Records:
----
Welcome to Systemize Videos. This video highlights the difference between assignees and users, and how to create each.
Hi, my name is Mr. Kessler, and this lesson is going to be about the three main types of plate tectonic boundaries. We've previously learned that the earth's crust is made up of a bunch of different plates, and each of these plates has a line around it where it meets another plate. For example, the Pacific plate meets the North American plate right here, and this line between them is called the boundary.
----
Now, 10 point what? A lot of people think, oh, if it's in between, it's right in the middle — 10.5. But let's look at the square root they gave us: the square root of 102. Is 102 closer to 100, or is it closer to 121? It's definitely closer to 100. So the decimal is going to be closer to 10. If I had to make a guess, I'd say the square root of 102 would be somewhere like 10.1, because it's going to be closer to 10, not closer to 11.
----
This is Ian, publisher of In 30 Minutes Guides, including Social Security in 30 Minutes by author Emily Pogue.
----
Task details:
In the listing above, start at the line with "Welcome to Systemize", go on through the line with "Hi, my name", and copy each of those lines exactly; leave out all the rest.

Completed task:
Welcome to Systemize Videos. This video highlights the difference between assignees and users, and how to create each.
Hi, my name is Mr. Kessler, and this lesson is going to be about the three main types of plate tectonic boundaries. We've previously learned that the earth's crust is made up of a bunch of different plates, and each of these plates has a line around it where it meets another plate. For example, the Pacific plate meets the North American plate right here, and this line between them is called the boundary.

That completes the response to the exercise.